I am MEANT to be working my socks off in order to meet all my deadlines before I take a couple of weeks off to take the boys to Wales and join my husband when he takes time off from work.
But the problem is that when I need a break from work I realise how incredibly quiet the place is. There’s loads of stuff to do don’t get me wrong but doing it on my own without the backdrop of the familiar family cacophony is disconcerting to say the least.
I find that I am talking to the dogs a load more and the radio is on almost all the time and as for the TV well it IS the Olympics...

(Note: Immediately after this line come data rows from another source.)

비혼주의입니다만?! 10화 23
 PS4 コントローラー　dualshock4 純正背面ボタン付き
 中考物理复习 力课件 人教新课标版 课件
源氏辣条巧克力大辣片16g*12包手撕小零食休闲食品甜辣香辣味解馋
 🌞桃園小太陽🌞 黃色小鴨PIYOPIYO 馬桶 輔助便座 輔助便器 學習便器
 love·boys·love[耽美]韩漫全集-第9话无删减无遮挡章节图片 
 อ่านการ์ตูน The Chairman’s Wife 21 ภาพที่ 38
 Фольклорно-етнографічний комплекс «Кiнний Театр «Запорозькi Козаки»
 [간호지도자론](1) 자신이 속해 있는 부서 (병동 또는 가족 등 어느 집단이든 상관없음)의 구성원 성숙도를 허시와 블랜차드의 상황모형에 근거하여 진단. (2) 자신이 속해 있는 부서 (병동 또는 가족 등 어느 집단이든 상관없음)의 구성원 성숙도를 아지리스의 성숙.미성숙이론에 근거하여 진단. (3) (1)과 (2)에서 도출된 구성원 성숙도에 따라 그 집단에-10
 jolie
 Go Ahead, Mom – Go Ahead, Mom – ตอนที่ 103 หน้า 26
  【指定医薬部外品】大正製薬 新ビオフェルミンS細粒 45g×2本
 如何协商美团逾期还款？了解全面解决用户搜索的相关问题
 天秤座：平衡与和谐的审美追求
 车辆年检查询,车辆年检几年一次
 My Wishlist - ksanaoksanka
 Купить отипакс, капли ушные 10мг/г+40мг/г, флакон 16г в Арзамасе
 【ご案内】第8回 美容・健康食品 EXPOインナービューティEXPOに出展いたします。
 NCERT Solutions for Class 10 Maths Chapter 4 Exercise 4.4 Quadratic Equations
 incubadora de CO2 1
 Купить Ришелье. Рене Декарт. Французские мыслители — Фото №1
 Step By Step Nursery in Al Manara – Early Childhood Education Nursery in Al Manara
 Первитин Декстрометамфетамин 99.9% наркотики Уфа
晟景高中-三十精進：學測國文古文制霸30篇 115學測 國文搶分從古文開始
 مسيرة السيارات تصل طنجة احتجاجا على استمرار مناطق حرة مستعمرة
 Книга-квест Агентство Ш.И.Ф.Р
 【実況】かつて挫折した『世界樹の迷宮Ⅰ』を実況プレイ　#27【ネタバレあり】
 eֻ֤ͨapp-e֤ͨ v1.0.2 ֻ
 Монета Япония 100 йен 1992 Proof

It makes me realise how much I like having them all about me, obviously NOT when I am getting mithered by them to do things, mend things and generally feed and water them and clear up after them but just them being about …just them, well - breathing!
I will focus and get all my work out of the way and I'll get the youngest’s bedroom all painted and decorated by the time he gets back on Friday ready to move into; the cleaning will be finished, the laundry all beautifully put away. Fridges cleared of suspect detritus, office organised, photos catalogued…well maybe not going that far but you get the picture.
I’ll be ready for them to come back. I’ll be looking forward to their presence about the place, the noise, the mess and the general chaos that follows them about and I won't mind at all...
I’m really missing them!
7 comments:
The funny thing is with kids it is just so all or nothing, crashing noise or silence and we get so used to the noise it's comforting!
I did think the idea of photos being catalogued was a bit much. Especially when you have a bedroom to paint and decorate.
The non-patter of not-so-little feet. Something akin to the shutting off of a V-1 rocket motor. The awesome, irksome silence.
They'll be back soon enough.
I'm the same when Husband's away . I can think of dozens of useful projects . Doesn't mean I actually get them done !
About last weekend- I dread when they leave me for good!
Rob-bear - perhaps photo cataloguing was asking bait much but I did sort out mr dressing table!
SmitoniusAndSonata - I rarely get done what I think I need to do possibly because without them there's no urgency!
I'm like that on a Saturday when the ex husband takes the kids out for the day.I have a day to myself to get on do MY things but I rarely ever do.I look forward to the break but I always miss them when they're gone as it's just so quiet.
Aly - it's the quiet that gets to me too!